Ян шутит с женщинами, смешит их. Зетыня смеется, когда Ян рассказывает о лодке, которую заведет Мария на утином пруду, и о том, как она будущим летом будет доить коров и хозяйничать в их усадьбе. Но теперь Мария не обижается, а отшучивается и смеется вместе со всеми.
— Не понимаю, что тебе за охота взваливать себе на шею такую обузу… — сидя на кровати, рассуждает Подниек. — Я рад бы избавиться от своей усадьбы. С работниками горя не оберешься. Никто не хочет работать, никто не слушается. Все хотят быть господами.
— Да, — вмешивается Зетыня. — Совсем испортился народ. Вот взять хотя бы ту же Альму Витол. Пока тут драгуны стояли, шлялась без удержу. А теперь с родной матерью никак не уживается,
— Я думаю продать усадьбу, — ворчит Подниек. — Никакого толку от нее. Коли есть у тебя десять тысяч, можно открыть в городе лавчонку или что-нибудь другое. И ты себе господин, никакого горя не знаешь. А тут всякие должности и все такое прочее. Ни днем тебе, ни ночью нет покоя: и властям не угодишь и народ тобой недоволен. Как ни старайся, все им плохо.
— Знаете, — сетует Зетыня, — Вильде со Скалдером теперь заодно и подсиживают его, как могут. Жалобы пишут. Будто на митинги ходил. Как же ему было не ходить, когда силой заставляли? Разве можно было тогда возражать? Когда ружьем грозят…
— Куда это вы вчера в Риге запропастились? — спрашивает Мейер, чтобы переменить разговор. — Я на вокзале глядел, глядел, так вас и не нашел.
— Мы в самую последнюю минуту пришли. Разве его вытащишь? Как начнет пить — ни меры, ни времени не знает.
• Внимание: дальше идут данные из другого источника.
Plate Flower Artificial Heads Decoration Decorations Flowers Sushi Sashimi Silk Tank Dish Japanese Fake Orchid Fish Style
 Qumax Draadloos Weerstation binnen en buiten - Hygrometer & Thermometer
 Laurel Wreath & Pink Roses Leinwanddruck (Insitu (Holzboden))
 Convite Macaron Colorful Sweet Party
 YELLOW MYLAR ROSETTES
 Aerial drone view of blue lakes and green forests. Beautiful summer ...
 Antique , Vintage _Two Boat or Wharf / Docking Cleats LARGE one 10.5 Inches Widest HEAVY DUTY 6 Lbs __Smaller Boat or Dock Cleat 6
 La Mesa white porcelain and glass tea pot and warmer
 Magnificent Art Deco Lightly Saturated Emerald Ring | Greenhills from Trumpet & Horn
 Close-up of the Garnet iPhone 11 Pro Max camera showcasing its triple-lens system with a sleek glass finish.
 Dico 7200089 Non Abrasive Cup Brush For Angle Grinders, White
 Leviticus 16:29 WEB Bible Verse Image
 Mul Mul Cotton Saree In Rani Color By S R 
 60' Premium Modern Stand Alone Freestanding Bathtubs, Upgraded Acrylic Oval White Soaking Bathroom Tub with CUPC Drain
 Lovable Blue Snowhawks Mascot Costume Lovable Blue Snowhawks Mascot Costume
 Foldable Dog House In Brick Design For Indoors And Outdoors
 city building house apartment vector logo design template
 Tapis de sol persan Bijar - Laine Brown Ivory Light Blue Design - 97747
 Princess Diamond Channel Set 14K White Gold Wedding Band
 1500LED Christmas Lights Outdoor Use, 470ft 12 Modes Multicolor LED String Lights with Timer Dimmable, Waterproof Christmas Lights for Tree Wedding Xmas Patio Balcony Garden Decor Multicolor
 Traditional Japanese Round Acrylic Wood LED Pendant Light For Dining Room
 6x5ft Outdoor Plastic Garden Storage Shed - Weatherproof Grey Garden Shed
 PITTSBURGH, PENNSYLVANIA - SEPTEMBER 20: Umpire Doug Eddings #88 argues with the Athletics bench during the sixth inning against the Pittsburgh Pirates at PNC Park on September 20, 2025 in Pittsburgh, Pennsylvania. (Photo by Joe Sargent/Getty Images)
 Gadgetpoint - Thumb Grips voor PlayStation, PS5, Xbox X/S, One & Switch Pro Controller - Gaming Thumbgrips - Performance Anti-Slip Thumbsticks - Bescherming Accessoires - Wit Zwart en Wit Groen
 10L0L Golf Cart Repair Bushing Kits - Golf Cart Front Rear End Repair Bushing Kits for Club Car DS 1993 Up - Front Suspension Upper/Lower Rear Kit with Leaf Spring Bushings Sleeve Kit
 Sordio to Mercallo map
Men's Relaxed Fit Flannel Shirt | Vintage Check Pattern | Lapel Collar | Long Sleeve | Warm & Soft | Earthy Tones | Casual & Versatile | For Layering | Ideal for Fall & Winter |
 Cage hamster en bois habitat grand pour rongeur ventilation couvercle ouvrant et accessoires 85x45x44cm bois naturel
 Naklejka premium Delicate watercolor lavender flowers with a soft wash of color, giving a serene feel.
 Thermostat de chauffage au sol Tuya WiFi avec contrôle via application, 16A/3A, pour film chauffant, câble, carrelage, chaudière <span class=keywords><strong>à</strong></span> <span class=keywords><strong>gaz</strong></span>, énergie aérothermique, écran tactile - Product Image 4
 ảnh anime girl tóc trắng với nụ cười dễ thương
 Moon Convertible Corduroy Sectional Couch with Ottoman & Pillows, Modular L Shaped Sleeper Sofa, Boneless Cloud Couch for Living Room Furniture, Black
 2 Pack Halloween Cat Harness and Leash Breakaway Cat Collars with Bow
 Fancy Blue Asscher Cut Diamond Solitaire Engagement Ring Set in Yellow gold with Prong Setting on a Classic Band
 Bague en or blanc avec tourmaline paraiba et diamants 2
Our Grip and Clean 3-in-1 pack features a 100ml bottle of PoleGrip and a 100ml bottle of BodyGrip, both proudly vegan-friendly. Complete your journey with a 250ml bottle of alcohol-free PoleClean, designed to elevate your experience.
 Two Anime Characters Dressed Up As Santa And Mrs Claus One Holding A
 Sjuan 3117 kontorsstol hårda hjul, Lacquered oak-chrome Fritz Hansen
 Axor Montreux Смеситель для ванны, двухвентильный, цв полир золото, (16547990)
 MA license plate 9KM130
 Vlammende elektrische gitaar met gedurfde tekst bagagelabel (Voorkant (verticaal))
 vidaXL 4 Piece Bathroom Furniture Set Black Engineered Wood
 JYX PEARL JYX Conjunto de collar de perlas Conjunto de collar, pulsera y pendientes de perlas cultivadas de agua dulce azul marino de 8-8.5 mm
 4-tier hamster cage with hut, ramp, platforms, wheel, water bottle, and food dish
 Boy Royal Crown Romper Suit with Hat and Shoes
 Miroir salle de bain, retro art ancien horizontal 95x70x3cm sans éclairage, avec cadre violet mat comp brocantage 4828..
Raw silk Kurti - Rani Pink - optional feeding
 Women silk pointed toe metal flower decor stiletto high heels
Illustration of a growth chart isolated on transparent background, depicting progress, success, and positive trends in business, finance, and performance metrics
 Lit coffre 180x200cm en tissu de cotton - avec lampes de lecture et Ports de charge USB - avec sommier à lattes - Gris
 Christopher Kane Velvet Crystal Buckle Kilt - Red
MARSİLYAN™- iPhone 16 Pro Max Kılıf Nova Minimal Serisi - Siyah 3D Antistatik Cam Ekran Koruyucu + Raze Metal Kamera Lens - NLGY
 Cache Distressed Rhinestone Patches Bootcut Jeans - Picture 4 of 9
— Эх!.. Где там думать о мере… Теперь напиться бы и спать с утра до вечера. Опротивела мне такая жизнь…
— А Гайлену десять лет?
— Десять…
— Несчастный человек. Как он выдержит?..
— Посудите сами, — возбужденно говорит Зетыня, обращаясь ко всем по очереди. — Разве он не заслужил? Кто тут с самого начала был главным заводилой? Он и его дочь.
— Эх! Какое мне дело. Оставили бы только меня в покое…
— Неприятно, конечно, что вас всюду впутывают. Не нам судить друг друга. Пусть каждый сам решает, как ему быть со своей совестью.
— Ах, если б вы его слышали! — захлебываясь от волнения, говорит Зетыня. — Нам что. Мы только свидетели — и то ноги трясутся, когда стоишь перед такими высокими и грозными военными начальниками. А Гайлен?! Представьте — стоит с поднятой головой и смотрит так, точно он обвинитель, а они подсудимые. И как говорит! Лучше адвоката. Я думаю, ему бы столько не присудили, будь он посмирней и попроси о помиловании. Но где там! Ему объявляют — десять лет, а он только кивает головой и усмехается… Если б вы видели!
— Он был всегда решительным и стойким человеком, — задумчиво говорит Мейер. — И глубоко порядочным. Его мне жаль больше всех.
— Ах, чего там жалеть! — восклицает Зетыня. — Не разберешь, кто из них лучше, кто хуже. Все одинаковые.
Подниек тяжко вздыхает.
— Черт бы побрал их всех. Но мне-то какое дело…
— Нечего вздыхать! — нападает Зетыня. — Сколько раз тебе твердила: попроси князя, чтобы дал нескольких матросов. Если у дома охрана, никто не полезет. А он — нет и нет. Как дитя. Никак ему не втолкуешь.